Hello i have purchased a 6 1/2 foot sno way plow recently and i just tryed it out. The left and right cylinders work fine and so does the up position on the up and down cylinder. I cannot get the plow to go down. I do not have the plow mounted on a vehicle yet i just am pushing against the frame of the plow creating a force to push the cylinder as if it were going down. The switch is in the down position but i cannot push the cylinder. It moves a tiny bit but thats it. Also when i engage the down pressure mode the pump runs. Is this normal or do you just turn the down pressure off when it starts to lift the front of the vehicle up? Again im new at this and not to knowlagble at the sno way set up. Also it is a Fenner Fluid Power pump and motor if that helps. Thanks Alot, Case Plow


----------



## AndyTblc (Dec 16, 2006)

Case Plow;1457023 said:


> Hello i have purchased a 6 1/2 foot sno way plow recently and i just tryed it out. The left and right cylinders work fine and so does the up position on the up and down cylinder. I cannot get the plow to go down. I do not have the plow mounted on a vehicle yet i just am pushing against the frame of the plow creating a force to push the cylinder as if it were going down. The switch is in the down position but i cannot push the cylinder. It moves a tiny bit but thats it. Also when i engage the down pressure mode the pump runs. Is this normal or do you just turn the down pressure off when it starts to lift the front of the vehicle up? Again im new at this and not to knowlagble at the sno way set up. Also it is a Fenner Fluid Power pump and motor if that helps. Thanks Alot, Case Plow


As for the pump running while in down pressure, yes that is normal, because the pump puts pressure for the down force. 
For it not going down, I'd put it on the vehicle, and I think you will find that the plow will go down, because there is pressure holding in the up position. And it needs the weight of the plow to fall.


----------



## basher (Nov 13, 2004)

*Unit will not lower* Down pressure switch
OFF)
Plugged breather cap See Maintenance section
Low or no current available at lower solenoid 
Lower solenoid valve sticking or stuck 
Lower solenoid coil inoperative 
Raise cylinder damaged allowing movement in
one direction only
Flow control orifice plugged

*Unit will not lower Or Unit will not apply Down pressure*(Down pressure switch
ON)
Motor not running 
Down pressure valve stuck partially shifted 
Lower solenoid valve sticking or stuck
Inoperative down pressure, pressure switch 
Inoperative down pressure solenoid/valve 
Down pressure relief valve setting to low 
Down pressure toggle switch (in control box)inoperative
Broken wire/ open circuit in down pressure electrical circuit

Fenner manual

http://www.snoway.com/service/Fenner Repair/97100036A.pdf

24/25 owner's manual and parts manual

http://www.snoway.com/service/Owner Manuals/97100200E.pdf

http://www.snoway.com/service/Parts Manuals/97100204j.pdf

There is a little help.

The unit should both raise and lower hydraulicly.


----------



## Case Plow (Mar 16, 2010)

Those manuals are life savers thank you very very much.

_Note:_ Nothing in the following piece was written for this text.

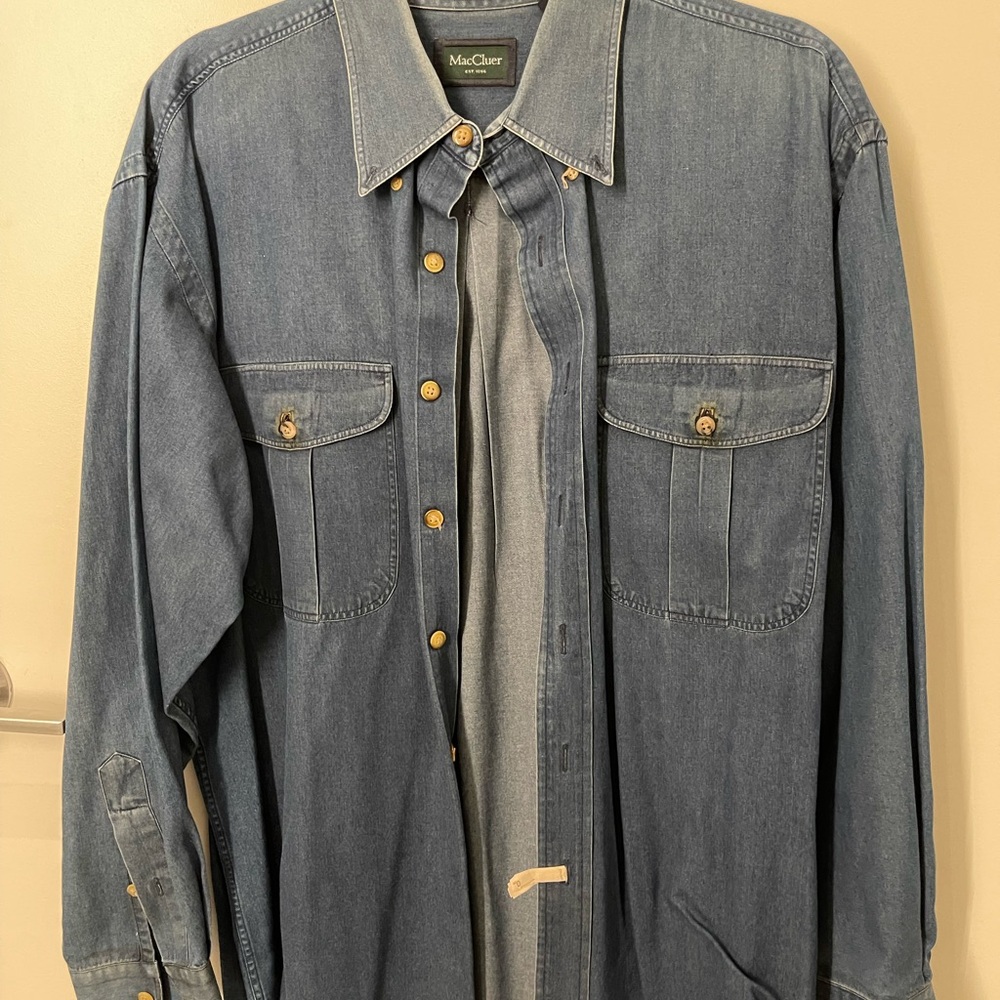 MacCluer Denim Button-Up Shirt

I found out that the pressure relief was turned out all the way so there was no pressure to move the cylinder. Gave it 2 turns and it works fine. Also does anyone know how to determine the model and year of the plow? The serial begins with 24107 but I don't know what that means. Another thing is the plow don't have lights because your headlights are suppose to shine thru the clear lexan but it is scratched. Does anybody have any idea of how to fab up a light bracket? Thanks, Case Plow


----------



## basher (Nov 13, 2004)

What vehicle?


----------



## Case Plow (Mar 16, 2010)

2001 jeep wrangler


----------



## basher (Nov 13, 2004)

will get the links for a light kit when I am at a different machine.


----------



## Case Plow (Mar 16, 2010)

Basher i saw that you sell sno way parts and such. Could you give me a price on the new headlights that sno way uses and a bracket? I was on your website but there are no prices. Thanks, Case Plow


----------